Enabling time travel for the scholarly web

-A A +A

An international team of information scientists has begun a two-year study to investigate how web links in scientific and other academic articles fail to lead to the resources being referenced.

This is the focus of the Hiberlink project in which the team from Los Alamos National Laboratory and the University of Edinburgh will assess the extent of “reference rot” using a vast corpus of online scholarly work. It is funded by a grant of $500,000 (£310,000) from the US-based Andrew W. Mellon Foundation, coordinated by EDINA, the designated online services center at the University of Edinburg, which serves the needs of universities and colleges across the UK.

“Increasingly, scientific papers contain links to web pages containing, for example, project descriptions, demonstrations, and software. But, as we all know, web pages change or disappear,” said Herbert Van de Sompel, the Los Alamos principal investigator on the project. “Currently, there is no archival infrastructure to safeguard such pages and hence revisiting them some time after they were linked from a paper is many times impossible. The result is a broken scholarly record.”

Increasingly, web-based scholarship includes links that point to resources needed or created in research activity, including software, datasets, websites, presentations, blogs, videos etc. as well as scientific workflows and ontologies. These referenced resources often evolve over time, unlike traditional scholarly articles. The reference-rot problem occurs whenever the original version of a linked resource is not available anymore.

The problem has two aspects.

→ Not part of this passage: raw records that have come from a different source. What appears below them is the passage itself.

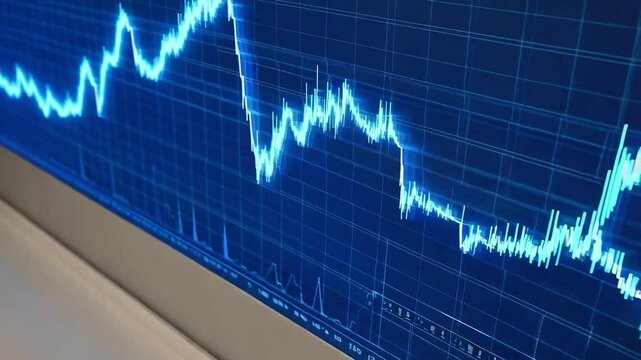 Financial market chart showing fluctuating stock prices and real-time market performance
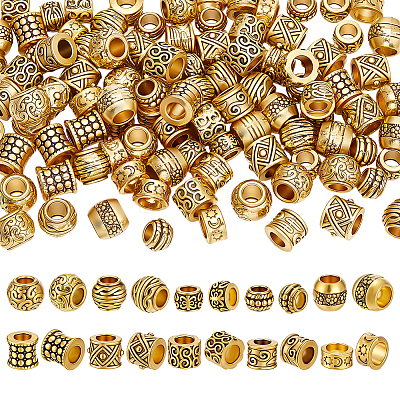 100Pcs 10 Styles Tibetan Style Alloy European Beads MPDL-PH0001-17-1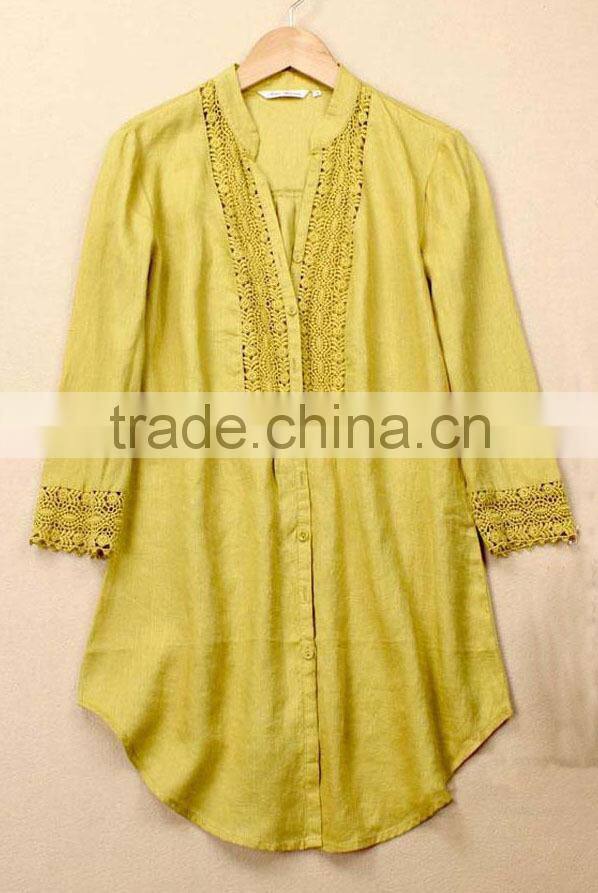 ladies' soft linen shirt plain dye fabric blouse long sleeve lace ornament top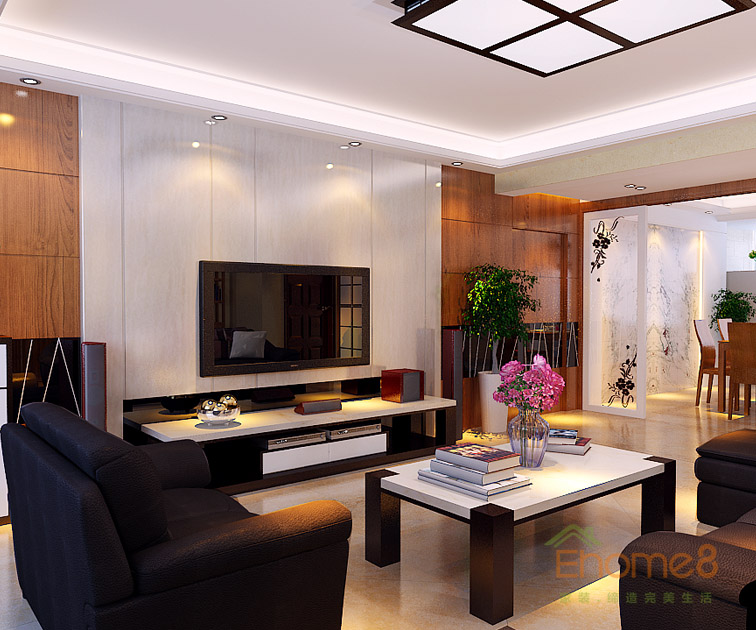 119㎡三房一廳中式風(fēng)格客廳茶幾電視裝修效果圖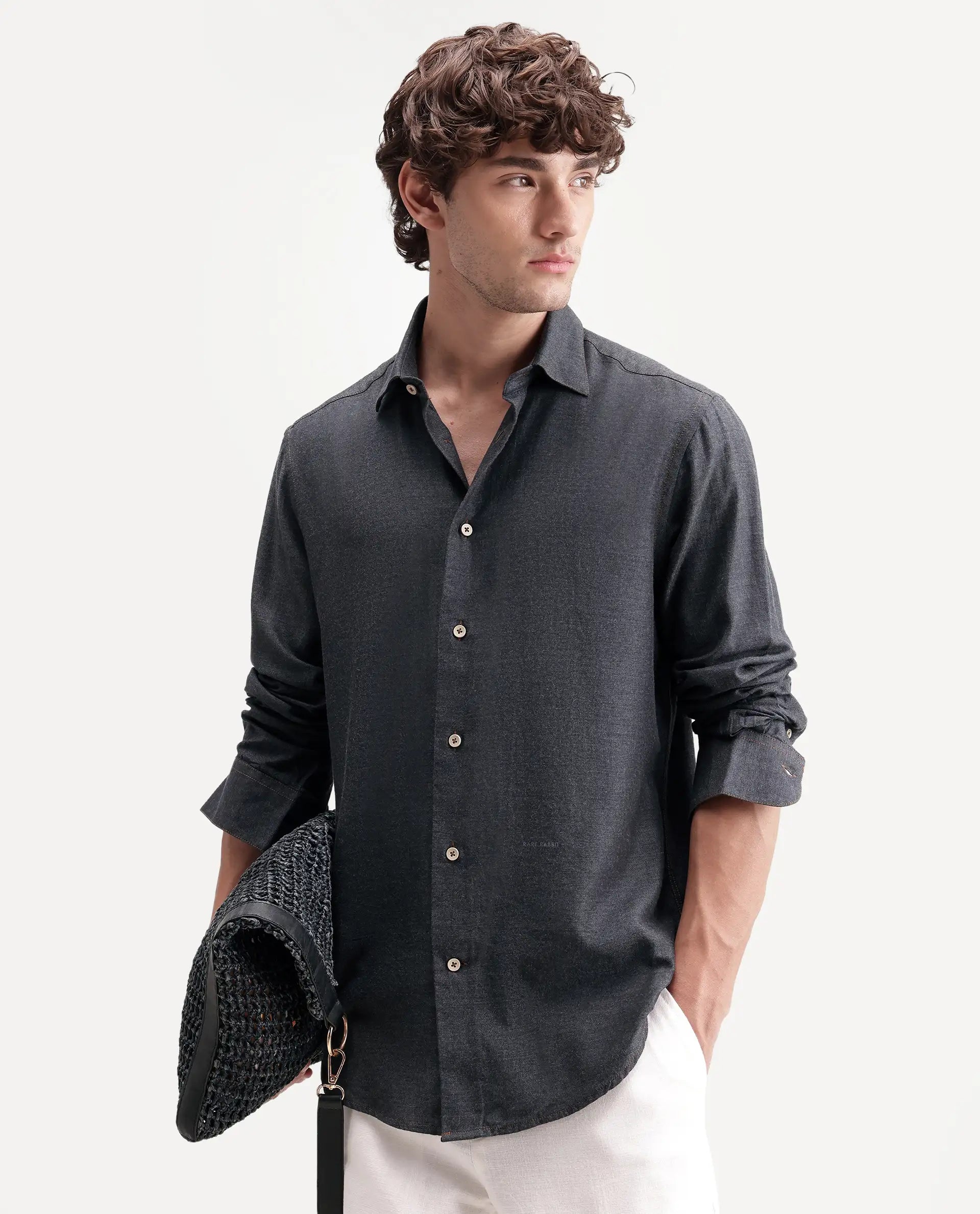Rare Rabbit Men's Widow Black Cotton Blend Fabric Full Sleeve Collared Regular Fit Plain Shirt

First, the http:// link that references a resource may no longer function. Second, the content at the end of the link may have evolved and may even have become dramatically different from when originally referenced. So when eventually a researcher revisits an online scholarly work and double-checks referenced resources to confirm evidence or establish context, the original online information may have changed or even ceased to exist.

The Hiberlink project builds directly upon a pilot study from Los Alamos, powered by their Memento “Time Travel for the Web” technology that confirmed that as much as 30 percent of the http:// links in a selection of 400,000 arXiv.org papers did not function and that 65 percent of the remaining links referred to a resource that was not archived, and hence in danger of disappearing without a trace.

Using the text mining and information extracting tools by the Language Technology Group (LTG) at the University of Edinburgh School of Informatics, the project will examine a vast body of scholarly publications in order to assess which links still work as intended and what web content has been successfully archived and therefore preserved for use by future researchers and students.

The ultimate goal for the Hiberlink project is to identify practical solutions to the reference-rot problem, and to develop approaches that can be integrated easily in the publication process. The project leaders plan to work with academic publishers and other web-based publication venues to ensure more effective preservation of web-based resources so to increase the prospect of continued access for future generations of researchers, students and their teachers.